___ STUDY MATERIAL ___
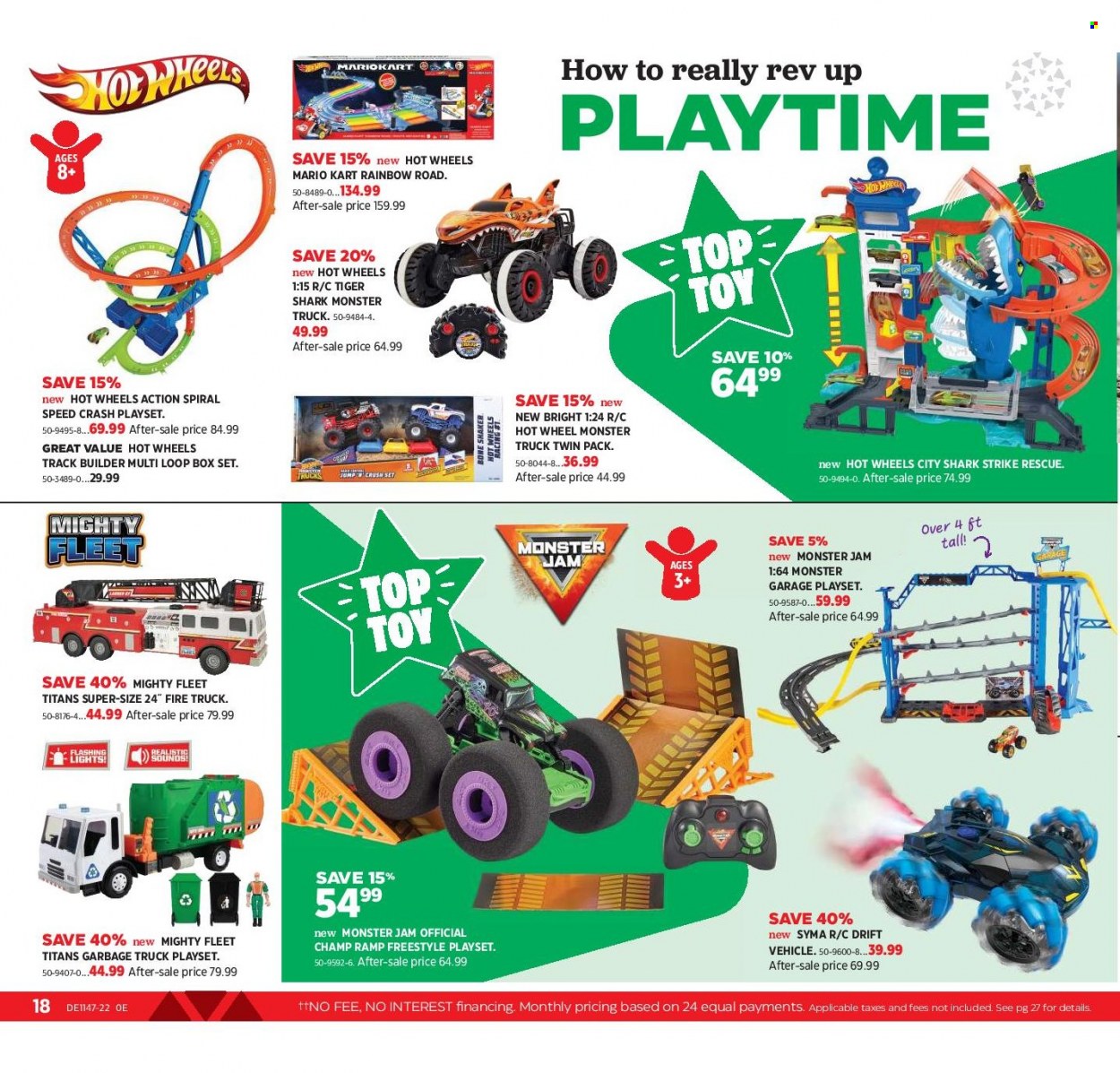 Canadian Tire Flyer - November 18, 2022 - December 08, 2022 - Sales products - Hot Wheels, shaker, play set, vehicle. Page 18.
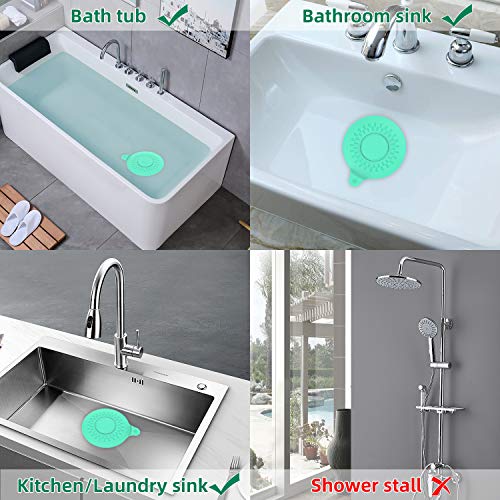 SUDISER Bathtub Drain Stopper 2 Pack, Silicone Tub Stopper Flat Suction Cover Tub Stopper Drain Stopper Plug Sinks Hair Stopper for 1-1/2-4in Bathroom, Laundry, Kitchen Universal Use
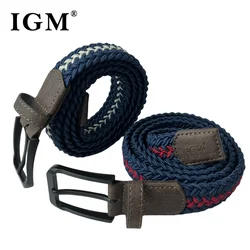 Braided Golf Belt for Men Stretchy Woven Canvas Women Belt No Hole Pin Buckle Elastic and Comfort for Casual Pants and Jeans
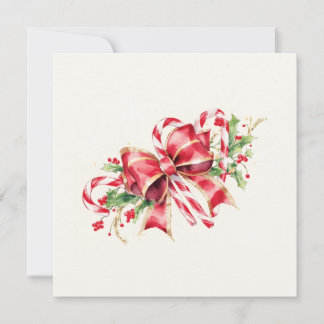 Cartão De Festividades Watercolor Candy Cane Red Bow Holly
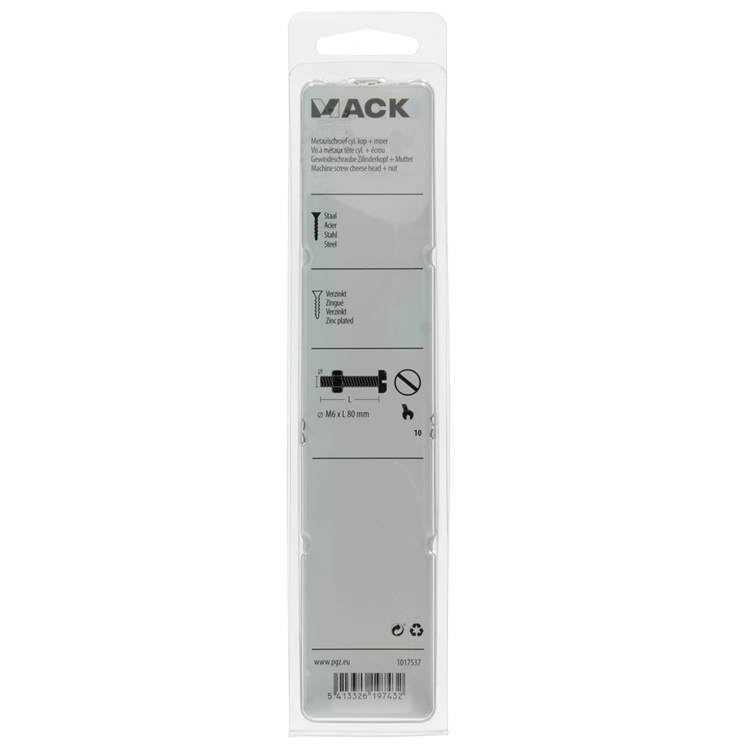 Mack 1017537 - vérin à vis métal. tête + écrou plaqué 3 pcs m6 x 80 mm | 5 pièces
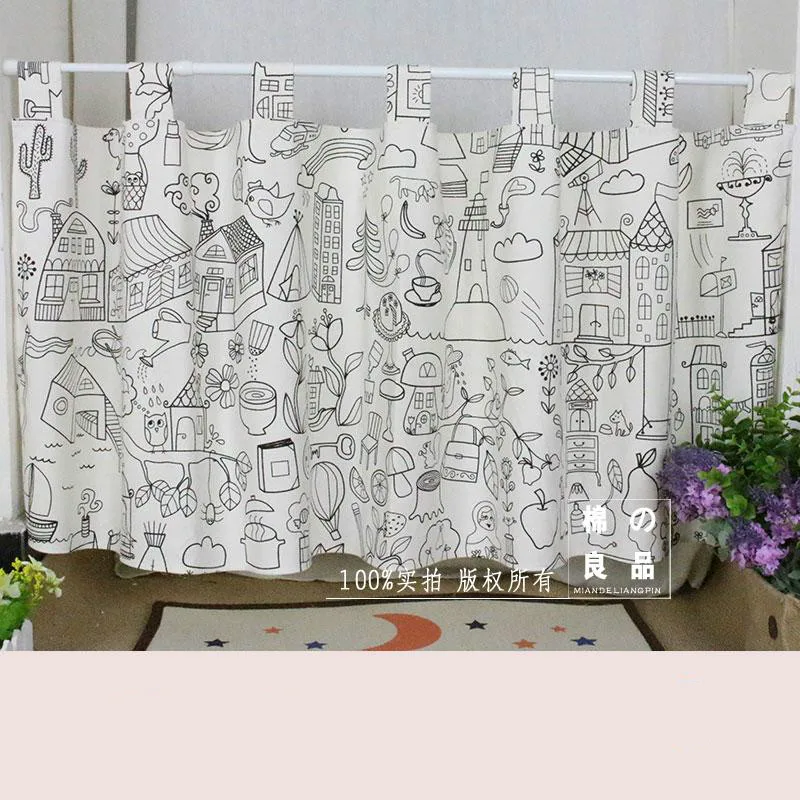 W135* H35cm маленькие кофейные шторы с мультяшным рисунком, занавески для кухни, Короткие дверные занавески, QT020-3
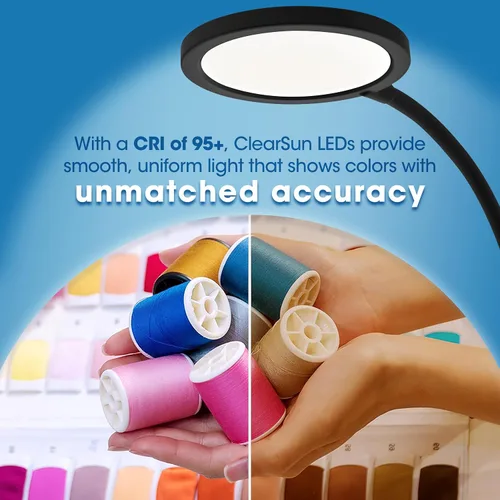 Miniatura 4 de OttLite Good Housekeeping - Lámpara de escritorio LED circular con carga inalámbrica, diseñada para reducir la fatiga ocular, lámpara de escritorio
___
== WHAT YOU SHOULD DO ==
What the answer must hold is the exact text of every line from the one containing "W135* H35cm маленькие" through the end of the data, minus any pictures.

== RESULT OF THIS EXERCISE ==
 W135* H35cm маленькие кофейные шторы с мультяшным рисунком, занавески для кухни, Короткие дверные занавески, QT020-3
 Miniatura 4 de OttLite Good Housekeeping - Lámpara de escritorio LED circular con carga inalámbrica, diseñada para reducir la fatiga ocular, lámpara de escritorio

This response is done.